Please transcribe, word for word, only the lines from the one containing "Actual product image" through the last line of the records below, both included, and leave out every picture.

Segment Start: RECORD EXTRACTS

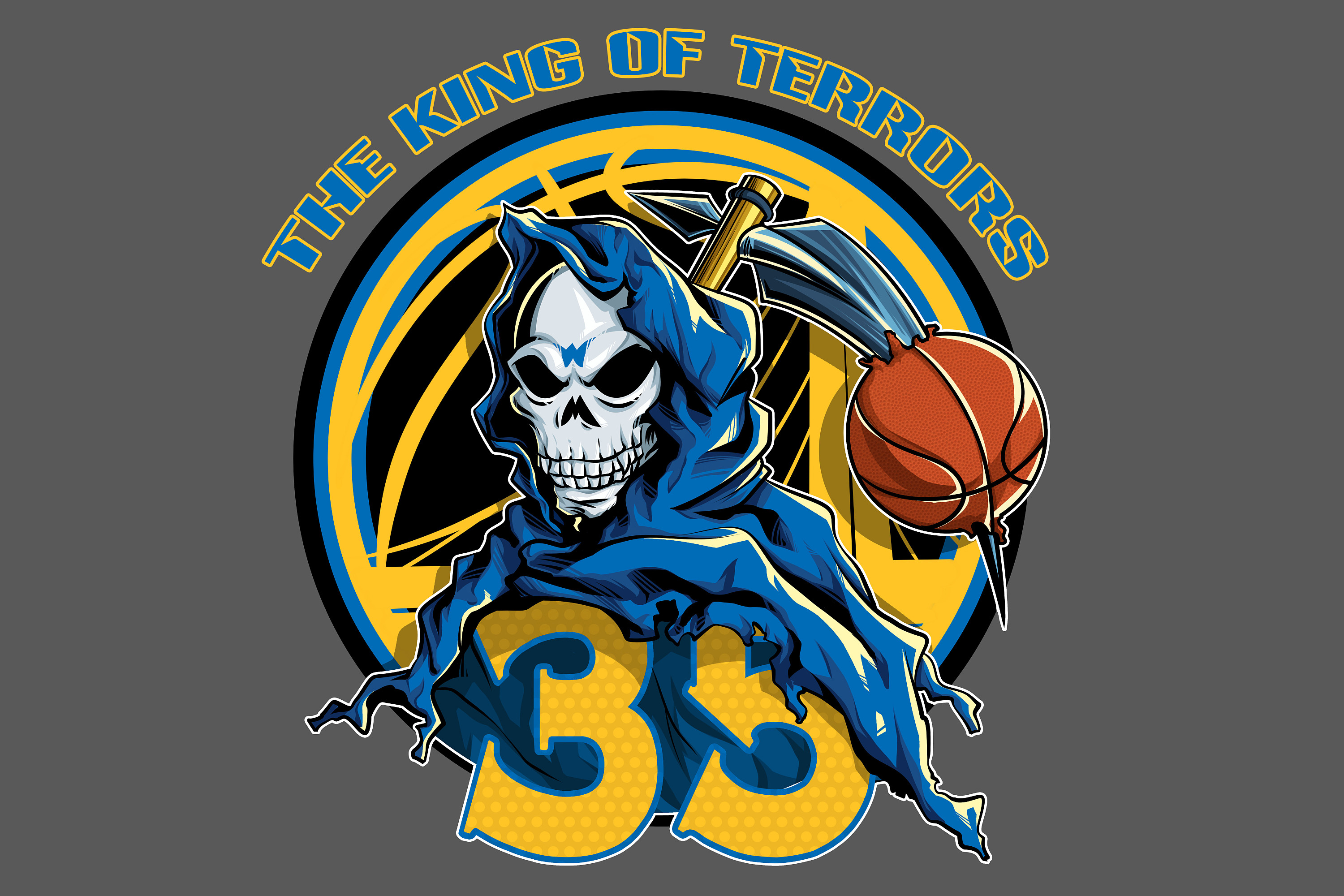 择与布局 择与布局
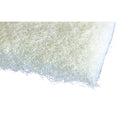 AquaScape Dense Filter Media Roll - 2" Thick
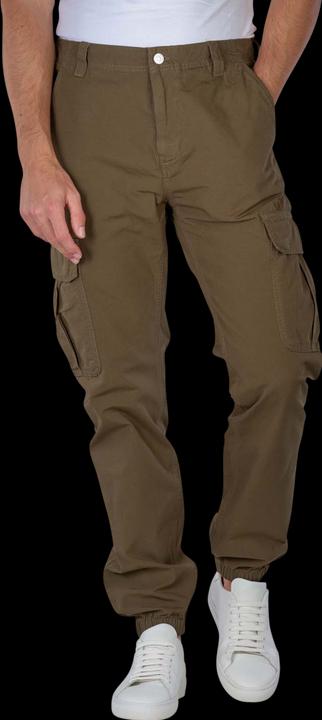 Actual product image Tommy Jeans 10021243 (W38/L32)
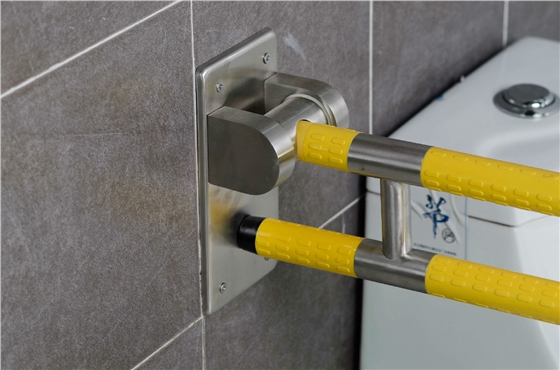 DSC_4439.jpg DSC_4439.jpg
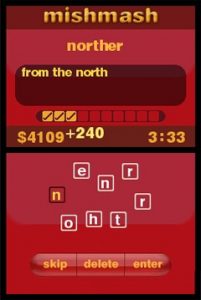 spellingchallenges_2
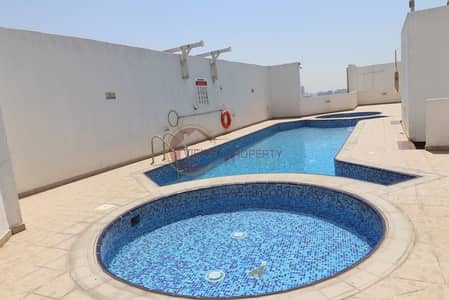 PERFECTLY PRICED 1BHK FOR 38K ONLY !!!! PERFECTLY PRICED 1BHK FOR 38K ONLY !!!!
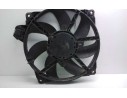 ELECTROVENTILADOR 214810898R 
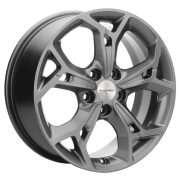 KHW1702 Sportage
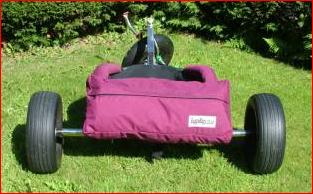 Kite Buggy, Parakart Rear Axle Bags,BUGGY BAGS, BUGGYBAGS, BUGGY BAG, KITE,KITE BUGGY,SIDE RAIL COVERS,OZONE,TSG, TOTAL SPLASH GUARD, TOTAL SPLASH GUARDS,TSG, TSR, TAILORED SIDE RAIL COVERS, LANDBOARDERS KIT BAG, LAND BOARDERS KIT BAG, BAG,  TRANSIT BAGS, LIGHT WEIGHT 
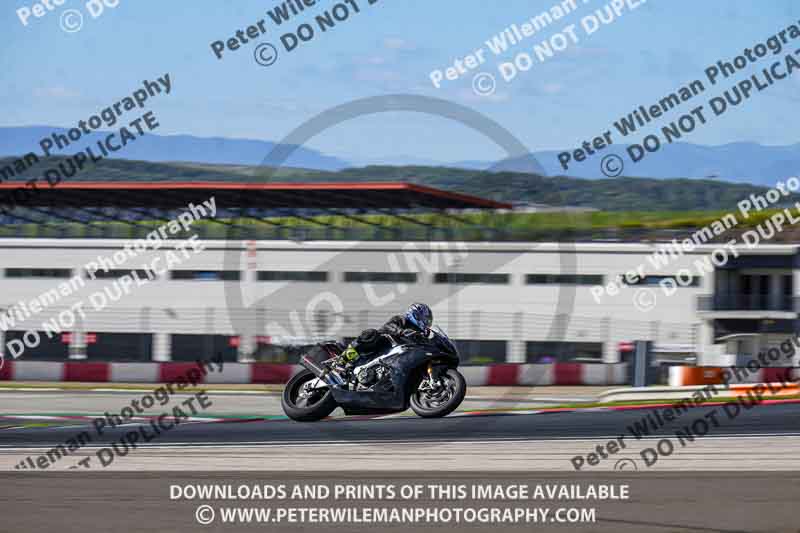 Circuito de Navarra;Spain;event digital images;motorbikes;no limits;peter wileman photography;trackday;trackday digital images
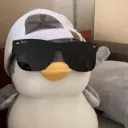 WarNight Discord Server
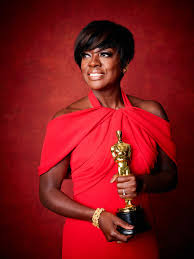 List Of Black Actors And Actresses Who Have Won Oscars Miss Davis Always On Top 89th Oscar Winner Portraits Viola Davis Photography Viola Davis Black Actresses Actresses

Segment End: RECORD EXTRACTS

_COMPLETED EXERCISE_
 Actual product image Tommy Jeans 10021243 (W38/L32)
 DSC_4439.jpg DSC_4439.jpg
 spellingchallenges_2
 PERFECTLY PRICED 1BHK FOR 38K ONLY !!!! PERFECTLY PRICED 1BHK FOR 38K ONLY !!!!
 ELECTROVENTILADOR 214810898R 
 KHW1702 Sportage
 Kite Buggy, Parakart Rear Axle Bags,BUGGY BAGS, BUGGYBAGS, BUGGY BAG, KITE,KITE BUGGY,SIDE RAIL COVERS,OZONE,TSG, TOTAL SPLASH GUARD, TOTAL SPLASH GUARDS,TSG, TSR, TAILORED SIDE RAIL COVERS, LANDBOARDERS KIT BAG, LAND BOARDERS KIT BAG, BAG,  TRANSIT BAGS, LIGHT WEIGHT 
 Circuito de Navarra;Spain;event digital images;motorbikes;no limits;peter wileman photography;trackday;trackday digital images
 WarNight Discord Server
 List Of Black Actors And Actresses Who Have Won Oscars Miss Davis Always On Top 89th Oscar Winner Portraits Viola Davis Photography Viola Davis Black Actresses Actresses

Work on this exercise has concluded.